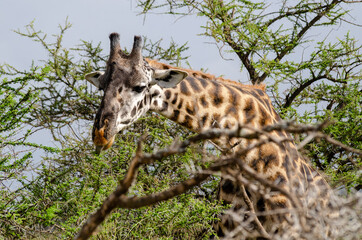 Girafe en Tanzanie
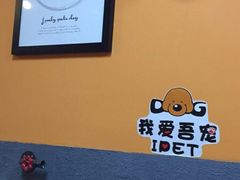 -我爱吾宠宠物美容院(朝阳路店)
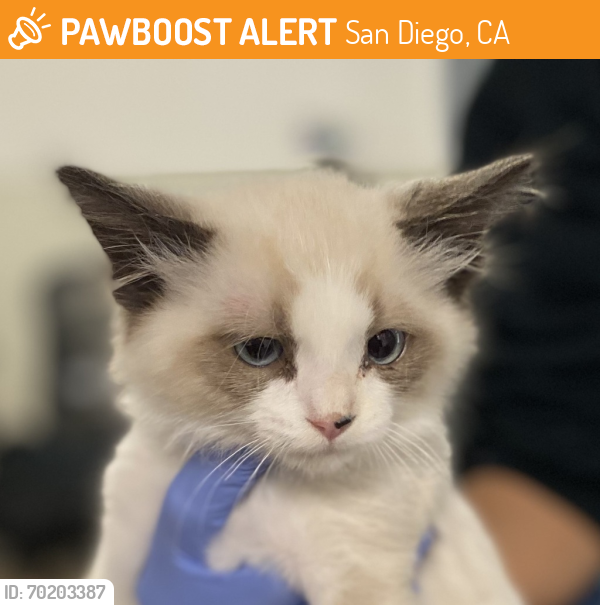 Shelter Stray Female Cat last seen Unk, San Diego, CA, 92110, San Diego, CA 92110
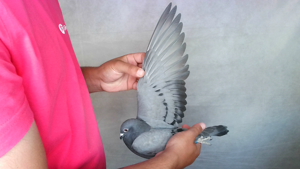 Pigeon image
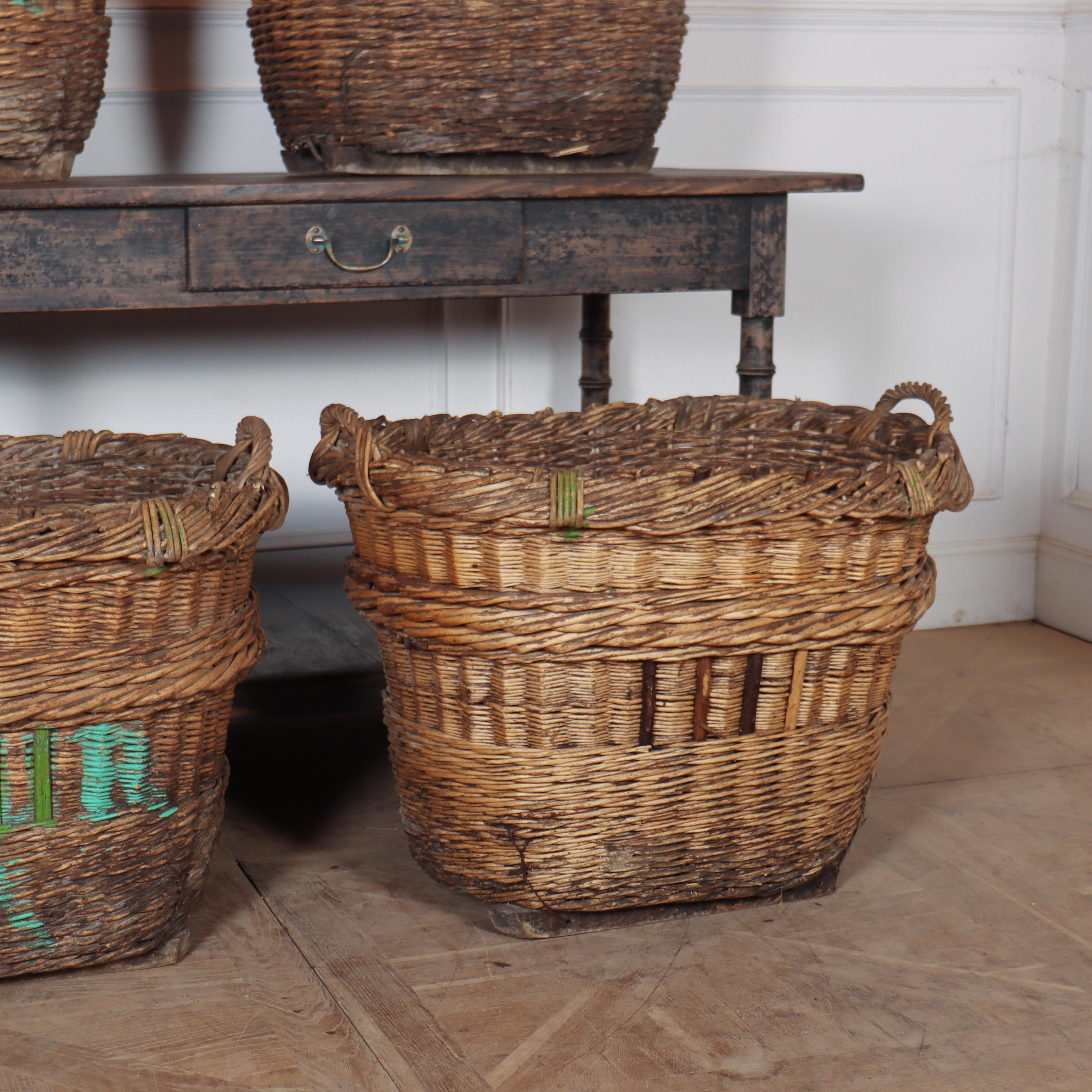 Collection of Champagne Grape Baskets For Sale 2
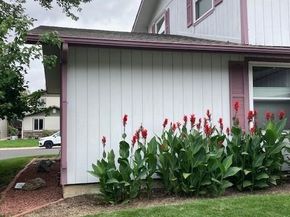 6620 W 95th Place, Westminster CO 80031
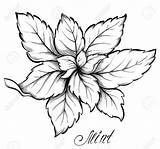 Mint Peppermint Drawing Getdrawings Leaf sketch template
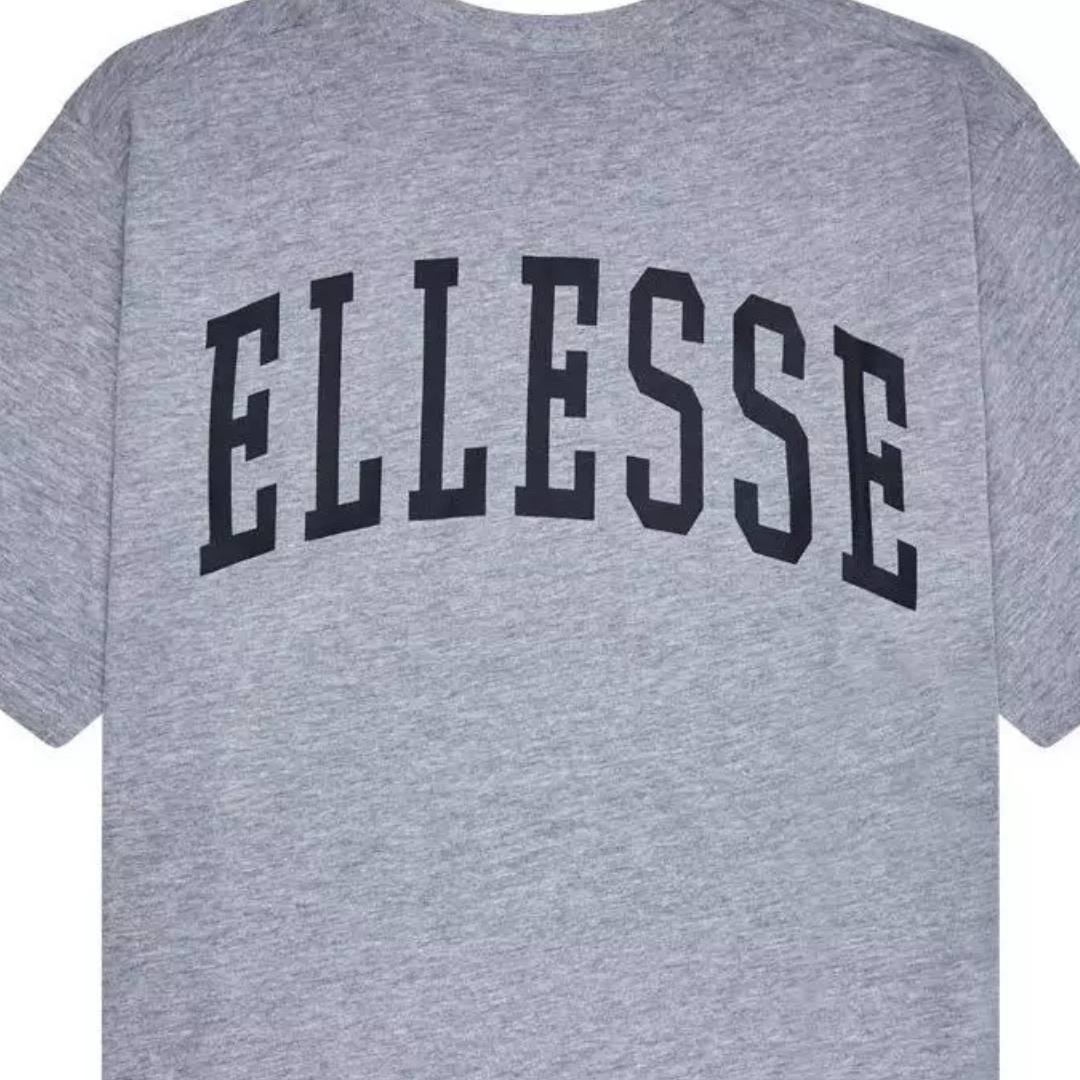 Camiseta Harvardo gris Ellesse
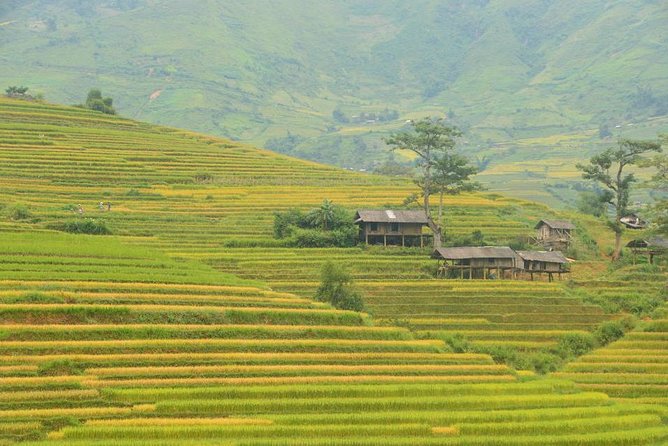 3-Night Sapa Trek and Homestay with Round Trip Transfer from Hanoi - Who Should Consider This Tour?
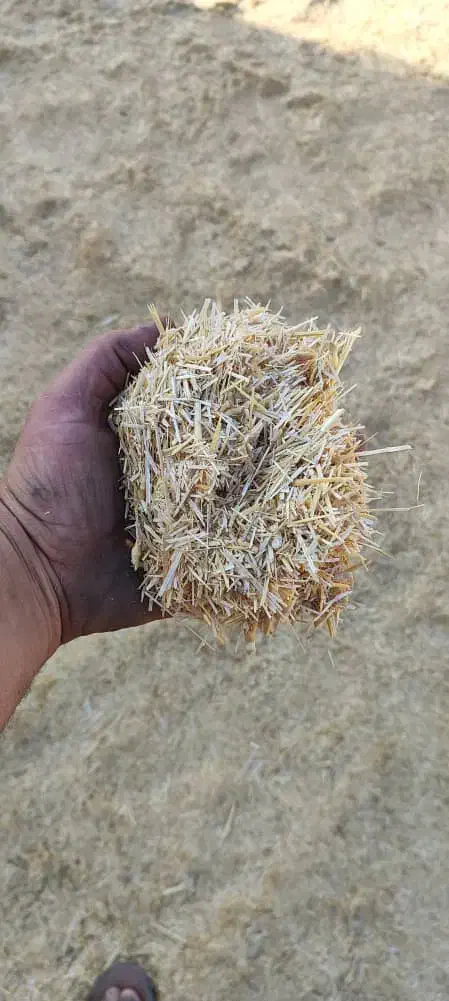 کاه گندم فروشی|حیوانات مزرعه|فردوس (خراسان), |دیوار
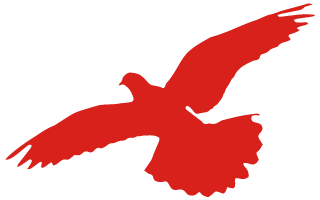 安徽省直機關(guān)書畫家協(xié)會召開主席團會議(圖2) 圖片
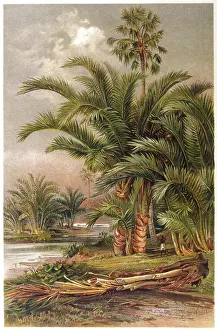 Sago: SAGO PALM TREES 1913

About this exercise »
Return nothing but the lines running from the start of the data to the line with "کاه گندم فروشی|حیوانات", please, both ends included and no pictures.

Response to this exercise »
 Girafe en Tanzanie
 -我爱吾宠宠物美容院(朝阳路店)
 Shelter Stray Female Cat last seen Unk, San Diego, CA, 92110, San Diego, CA 92110
 Pigeon image
 Collection of Champagne Grape Baskets For Sale 2
 6620 W 95th Place, Westminster CO 80031
 Mint Peppermint Drawing Getdrawings Leaf sketch template
 Camiseta Harvardo gris Ellesse
 3-Night Sapa Trek and Homestay with Round Trip Transfer from Hanoi - Who Should Consider This Tour?
 کاه گندم فروشی|حیوانات مزرعه|فردوس (خراسان), |دیوار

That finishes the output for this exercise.